_Data to process:_
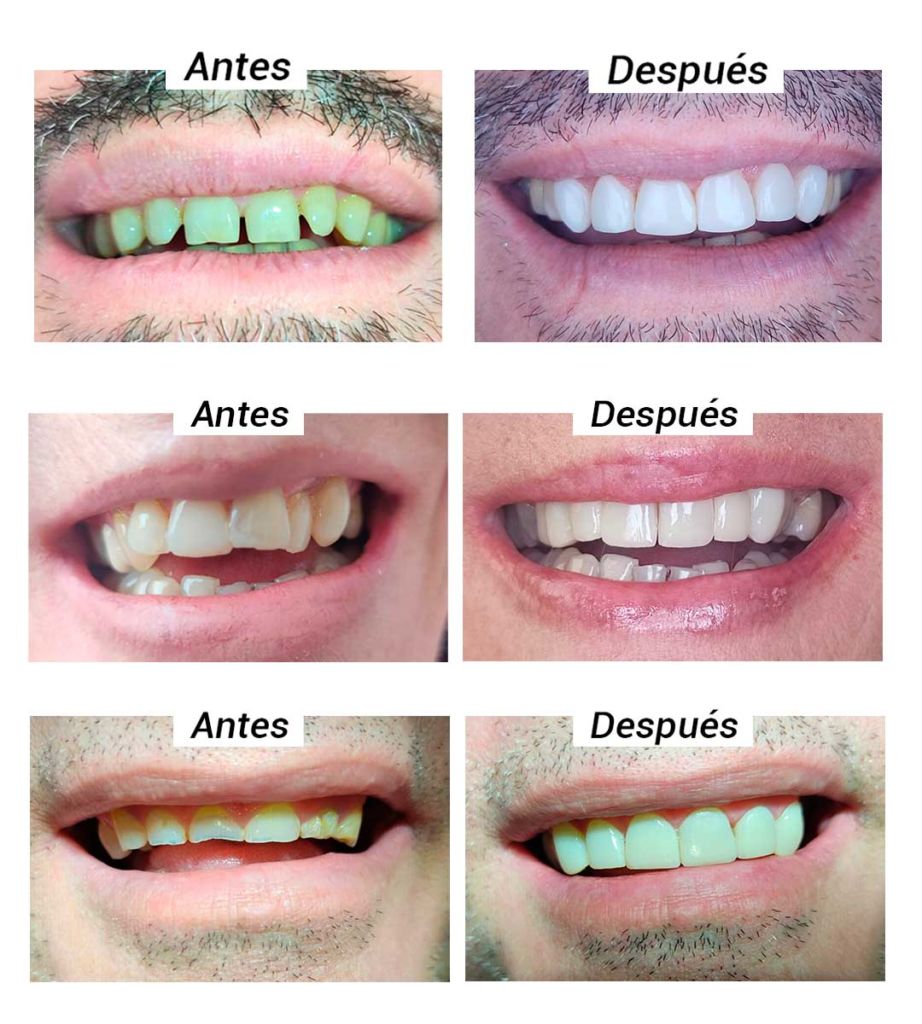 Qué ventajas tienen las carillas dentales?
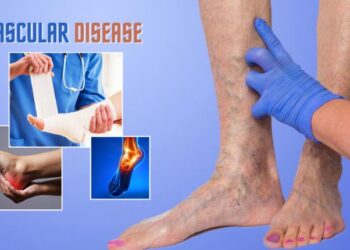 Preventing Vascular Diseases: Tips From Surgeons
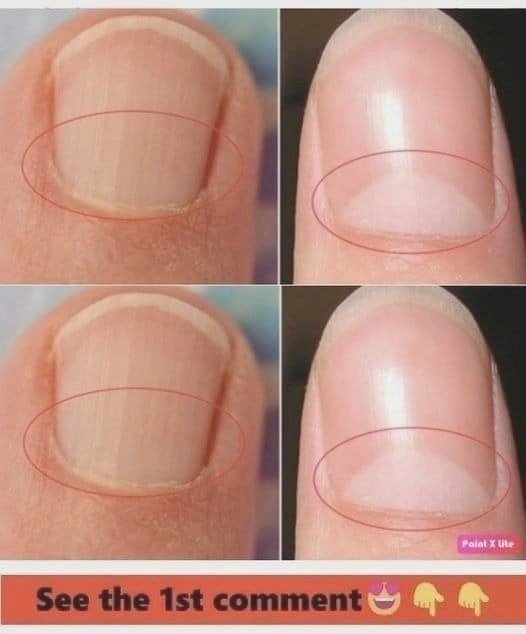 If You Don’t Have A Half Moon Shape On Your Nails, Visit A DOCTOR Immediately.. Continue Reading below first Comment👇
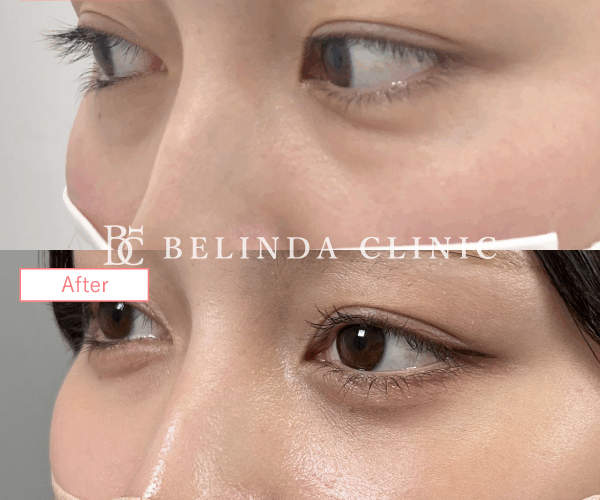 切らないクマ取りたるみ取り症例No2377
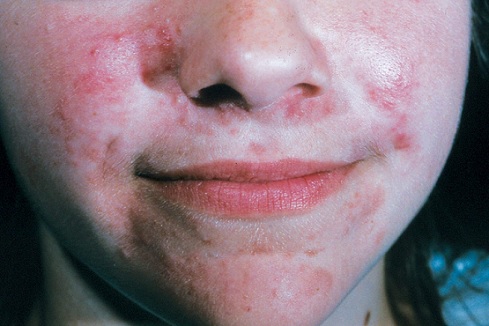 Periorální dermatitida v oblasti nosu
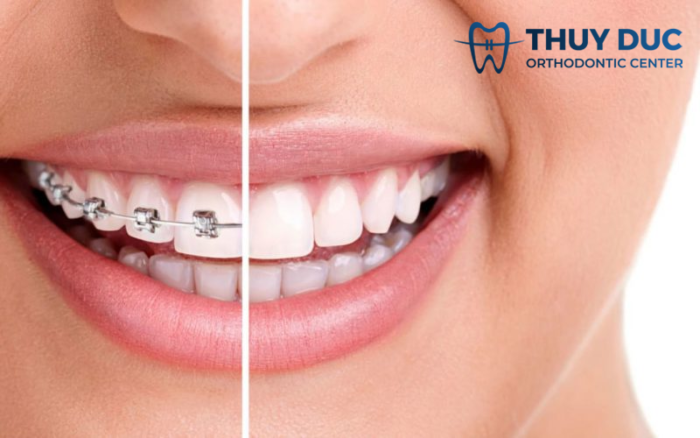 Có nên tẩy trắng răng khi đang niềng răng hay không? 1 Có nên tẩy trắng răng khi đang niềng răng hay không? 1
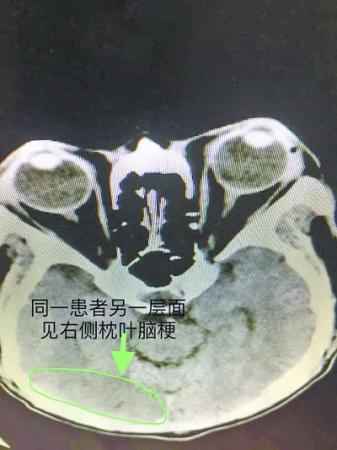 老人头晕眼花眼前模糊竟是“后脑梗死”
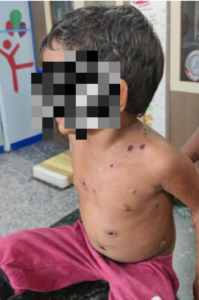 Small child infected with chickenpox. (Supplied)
--
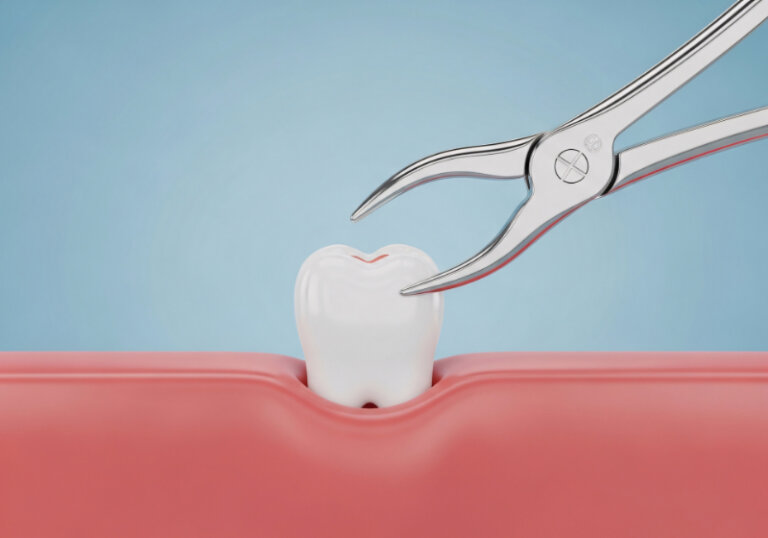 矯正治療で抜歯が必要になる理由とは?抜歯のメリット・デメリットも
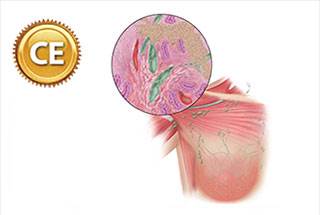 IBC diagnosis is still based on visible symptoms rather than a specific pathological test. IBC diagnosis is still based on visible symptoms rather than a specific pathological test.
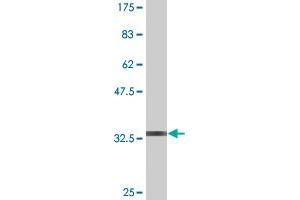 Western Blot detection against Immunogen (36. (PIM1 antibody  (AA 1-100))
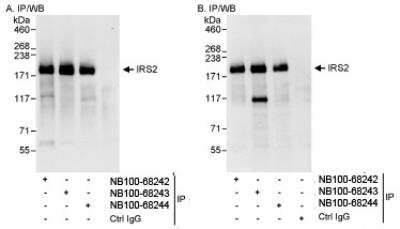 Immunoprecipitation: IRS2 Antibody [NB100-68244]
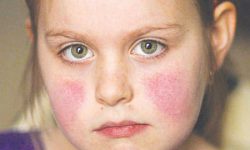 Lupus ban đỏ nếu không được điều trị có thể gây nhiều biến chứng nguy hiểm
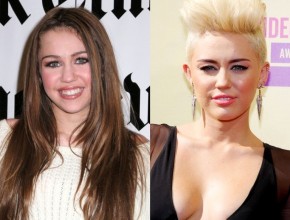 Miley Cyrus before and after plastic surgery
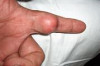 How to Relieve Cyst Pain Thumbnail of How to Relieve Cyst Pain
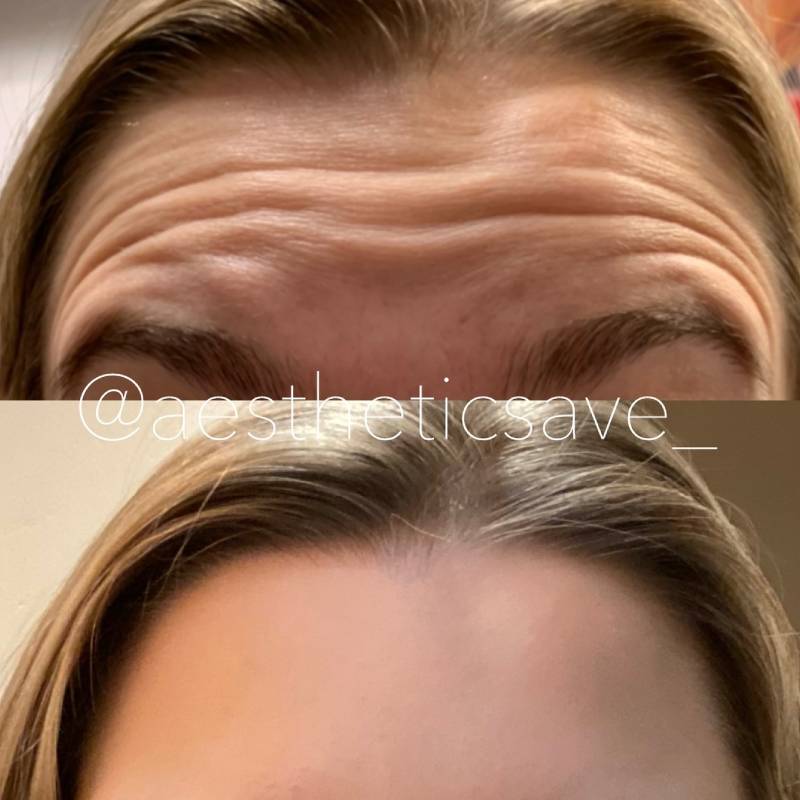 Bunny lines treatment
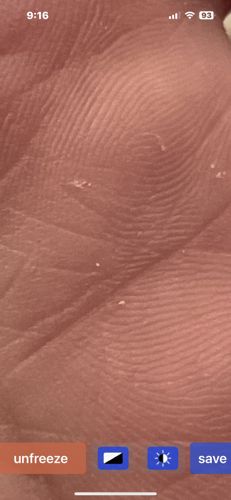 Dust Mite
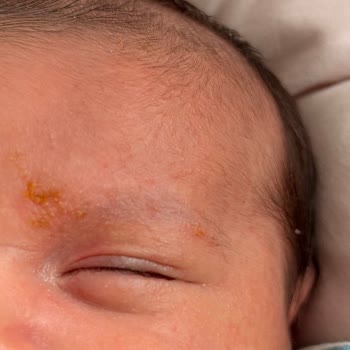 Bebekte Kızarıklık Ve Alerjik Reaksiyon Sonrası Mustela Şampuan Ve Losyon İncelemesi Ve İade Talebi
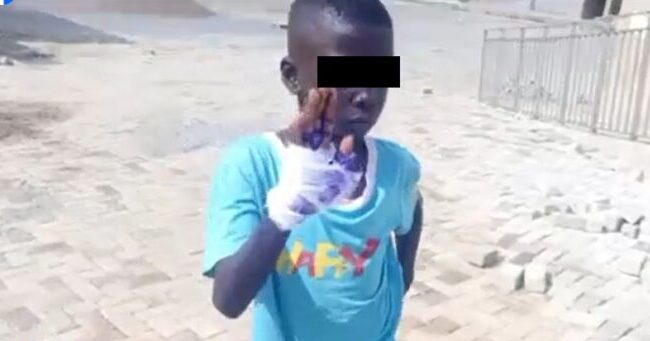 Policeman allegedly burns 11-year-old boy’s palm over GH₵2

_What the task asks:_ For this exercise, return exactly the lines above from the line with "Lupus ban đỏ" through the line with "Policeman allegedly burns", both included. Do not copy the pictures.

_Task response:_
 Lupus ban đỏ nếu không được điều trị có thể gây nhiều biến chứng nguy hiểm
 Miley Cyrus before and after plastic surgery
 How to Relieve Cyst Pain Thumbnail of How to Relieve Cyst Pain
 Bunny lines treatment
 Dust Mite
 Bebekte Kızarıklık Ve Alerjik Reaksiyon Sonrası Mustela Şampuan Ve Losyon İncelemesi Ve İade Talebi
 Policeman allegedly burns 11-year-old boy’s palm over GH₵2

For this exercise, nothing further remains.